This fertile family history is reflected in “Five Photos,” the story of Max Opass, a retired Russian Jew whose beautiful but glacial wife Telma has just died. To honor her memory, he digs out five snapshots of her and commissions five different artists to paint her portrait. As he wanders around Paris trying to capture the essence of his dead spouse, he reflects on their life together, which began in a village on the steppes more than 50 years ago. The more he tries to possess her in a painting, the more he realizes how little he knew her, and how much she scared him.
The setup — a confused old man, a Jew among Gentiles, the shadow of the holocaust — could be pretty bleak, if it weren’t for Desarthe’s snappy tone and ironic, unsentimental humor. For example, Max “knew some Jews that would have preferred to have been born Catholic, and not just for the practical reasons (no pogroms, no camps, ham at every meal), but because in some ways, they found it more refined, less garish; and the very sound of the word ‘Catholic’ had resonance to it like a peal of bells, a little waltz, a ditty. ‘Jewish’ was dispatched, an onomatopoeia for flight, a sort of desperate ‘Off we go’.”
The flashbacks are balanced by comic scenes, including very funny encounters with a conceptual artist and a widow with the serious hots for Max. None of which takes away from the seriousness or subtlety of the story.
Desarthe says that one of her themes is “You don’t have to choose beauty.” Max realizes that he picked a totem wife when he could have married her dumpy but loving friend. He fell for the power of images, when he would have been better off “renouncing the surface, the beauty of things, to look for something more interesting.”
Though she is young and beautiful herself, Desarthe confesses that she feels very much at home with such a grown-up story. "This is easy! This comes naturally! An old man with all his memories,” she says. “I don’t know why.” She would never be able to write about young women who go clubbing: “I don’t know the way to that land. I have no idea how you get there. For me, writing the story of Max, a story of grieving, this is more familiar, it’s my own land. Maybe it’s because I’ve listened to people who had that kind of story to tell.”

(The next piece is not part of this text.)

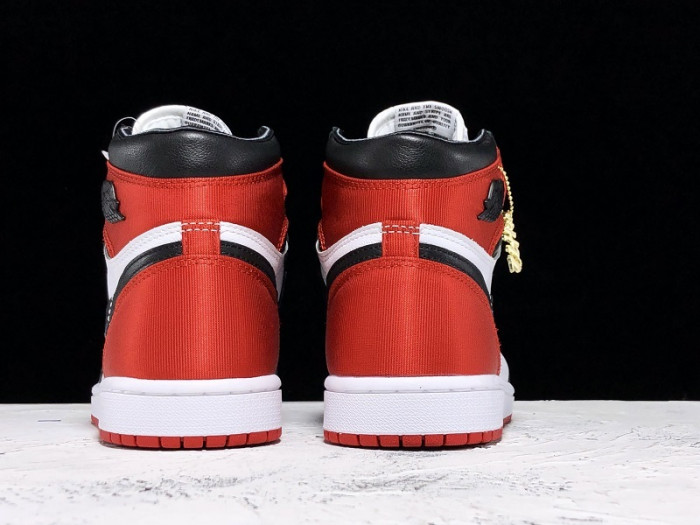 Jordan 1 Retro High Satin Black Toe - CD0461-016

Old people and children; she is attracted to outsiders, “people that live in the margins of life.” It is easy for me to imagine that I am a four-year-old or a six-year-old. I can write the story of a very old person, because what I like about them is that they have no social power.”
Like her good friend Marie Desplechin, author of Sans Moi, she feels more at ease writing for children. “Everyone knows what they are good at; you know that you are good at tennis but not very good at skiing,” she explains. “I know that I can write children’s books. I found my voice.” Writing for adults is much harder, she has had to train. “I want my novels to be really simple, like children’s books, because that’s what I like as a reader.”
Desarthe’s first job was as a translator, and she speaks excellent English with a wonderfully plummy British accent. This reflects another facet of her work, her love for English and American writers. This also began at home: her parents may have spoken French, Arabic, Russian and Yiddish, but when they didn’t want the kids to understand they switched to English.
All these aspects — her far-flung Jewish roots, her feel for children’s stories, her love of English — place her firmly outside the French establishment and at the forefront of a new generation of writers. “We’re into fiction. That’s the only thing that we share,” she says. “We like stories: even if we use our own life, we make it a story.” Storytelling has been so looked down upon by French intellectuals, there had to be a backlash, and that’s what’s happening. But it’s not an organized movement, it’s just natural.”
Agnès Desarthe’s adult novels — Quelques Minutes de Bonheur Absolu, Un Secret Sans Importance, winner of the Prix Inter, Cinq Photos de Ma Femme and Les Bonnes Intentions – are published in French by Editions Olivier, and her children’s books by Ecole des Loisirs. Flamingo will follow “Five Photos” with their translation of Les Bonnes Intentions, “Good Intentions,” early next year.